§ Problem to solve: Begin at the line that contains "Numatic Clear Lid For 10 Litre Pail 629145" and reproduce it along with every line after it to the end of the listing; skip any pictures.

§ Source material:
============================================================
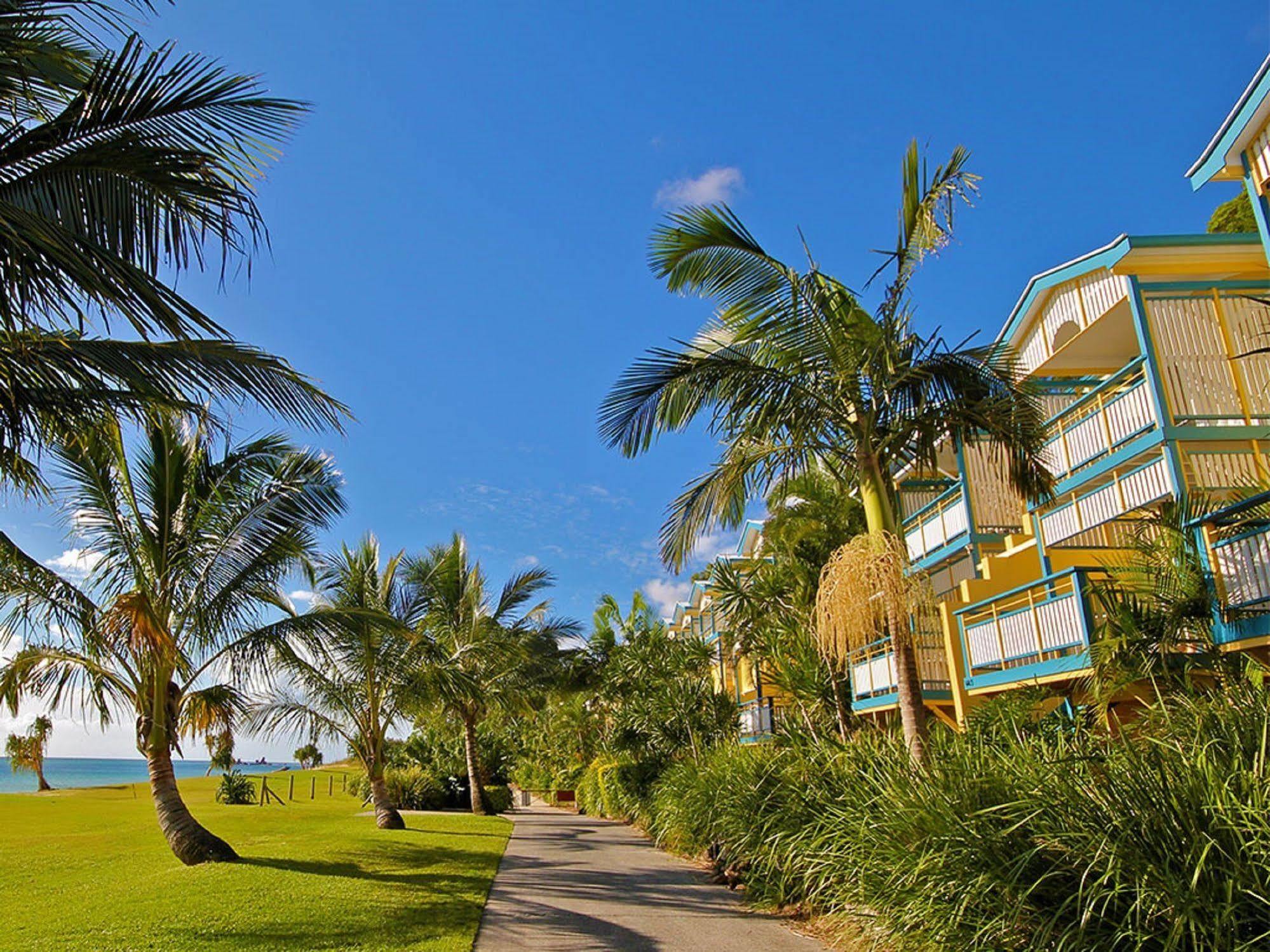 Tangalooma Island Resort Экстерьер фото
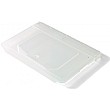 Numatic Clear Lid For 10 Litre Pail 629145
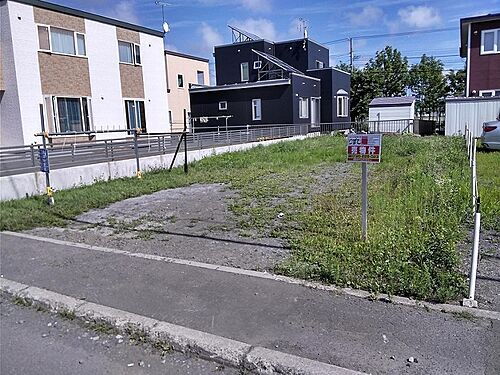 北海道釧路郡釧路町北都１丁目 土地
============================================================
§ Result of the exercise:
 Numatic Clear Lid For 10 Litre Pail 629145
 北海道釧路郡釧路町北都１丁目 土地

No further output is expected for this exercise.